> Work instructions: Retype exactly every line from the one that includes "Lenovo ThinkBook Plus" through the final line of the listing, both ends kept, and omit the pictures.

—————

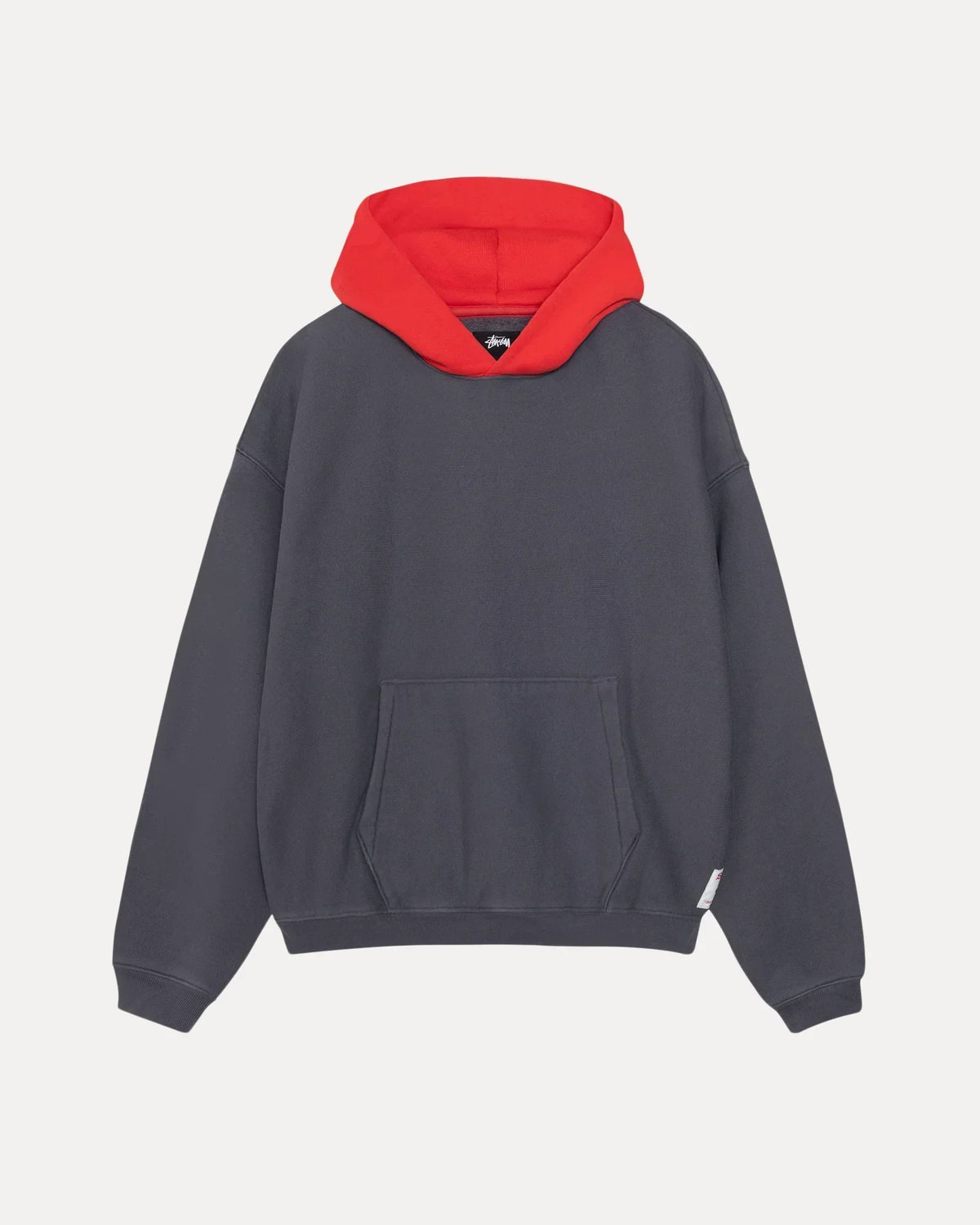 STUSSY TWO TONE HOODIE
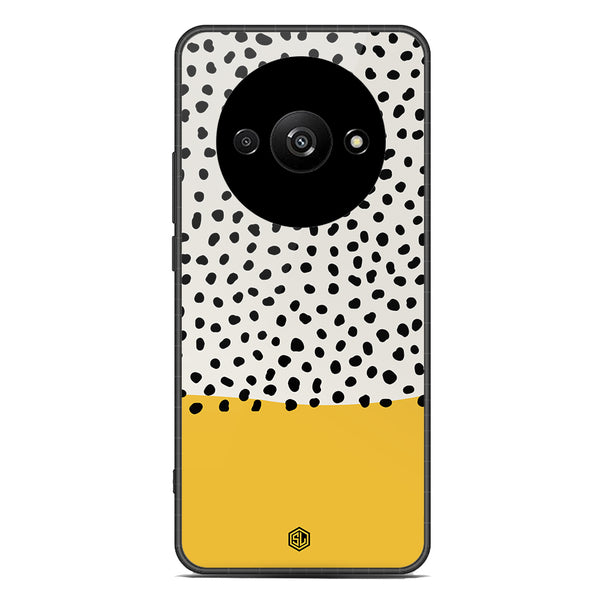 Polka Dots Series Soft Phone Case - Premium Glass Case - Xiaomi Redmi A3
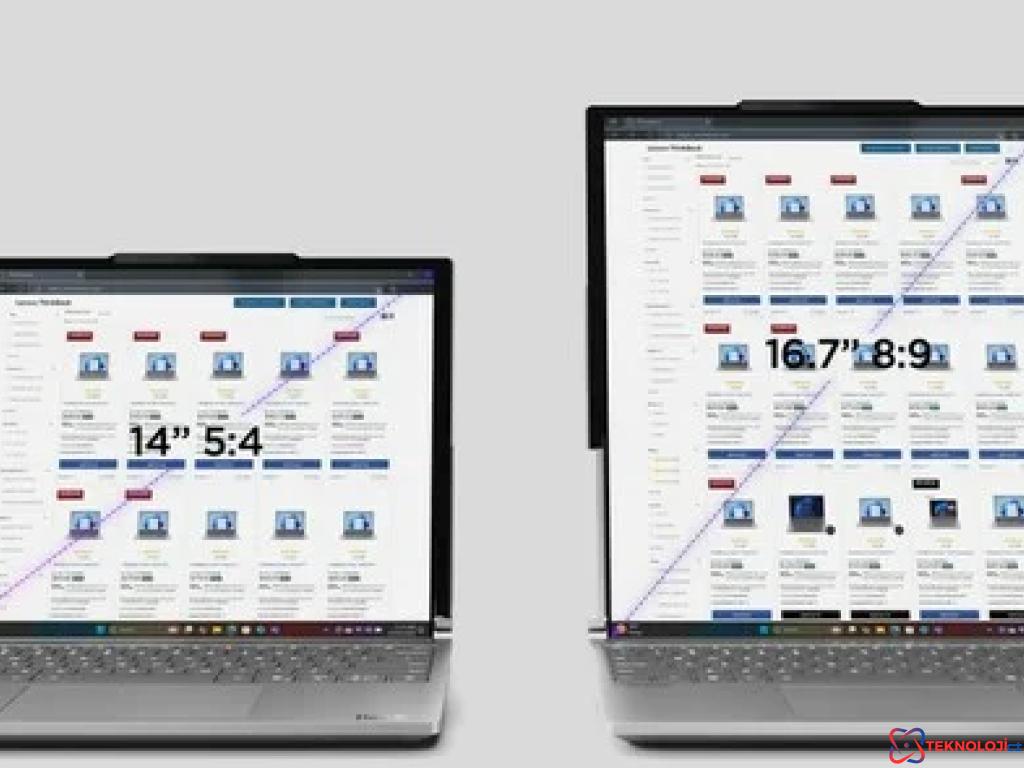 Lenovo ThinkBook Plus Gen 6: Daha Fazla Ekran, Daha Az Sırt Ağrısı!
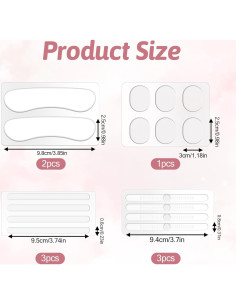 34 Piezas Almohadillas de Silicona Antideslizantes BOHUIZ 2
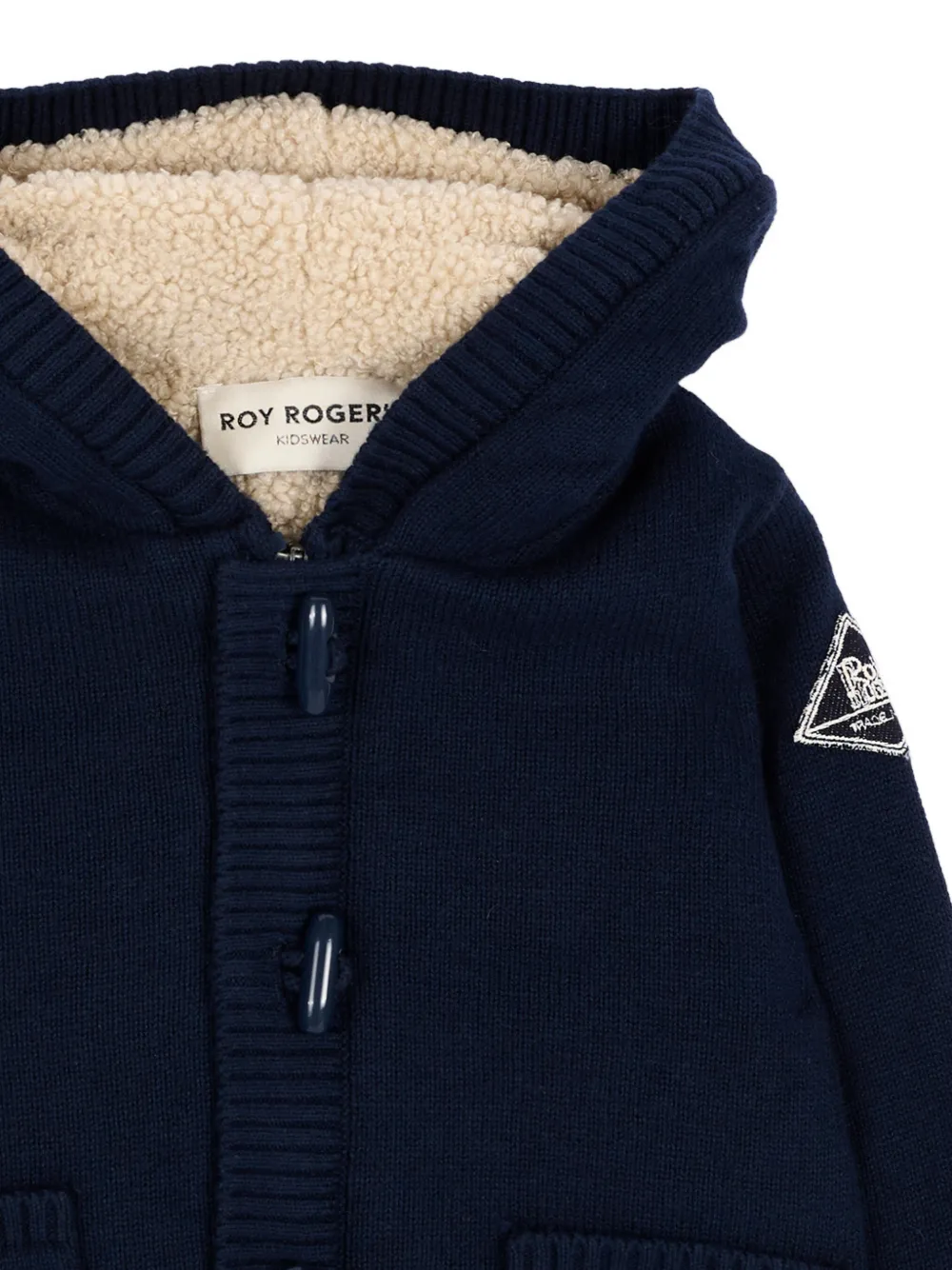 Roy Rogers Kids Duffeljas met capuchon Blauw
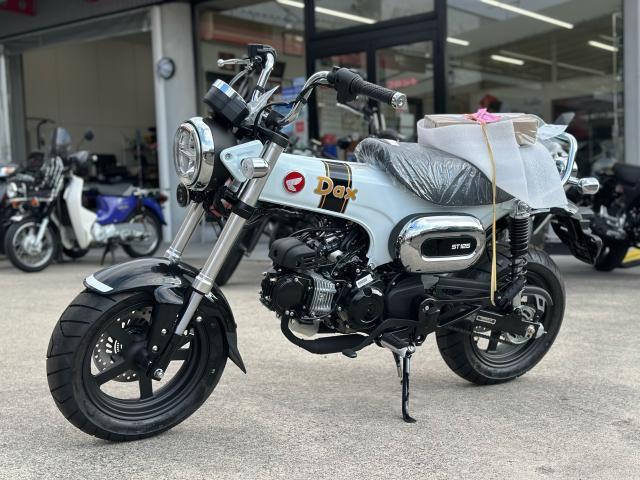 ホンダ ダックス125 2026年モデル 新型 パールホライゾン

—————

> Task answer:
 Lenovo ThinkBook Plus Gen 6: Daha Fazla Ekran, Daha Az Sırt Ağrısı!
 34 Piezas Almohadillas de Silicona Antideslizantes BOHUIZ 2
 Roy Rogers Kids Duffeljas met capuchon Blauw
 ホンダ ダックス125 2026年モデル 新型 パールホライゾン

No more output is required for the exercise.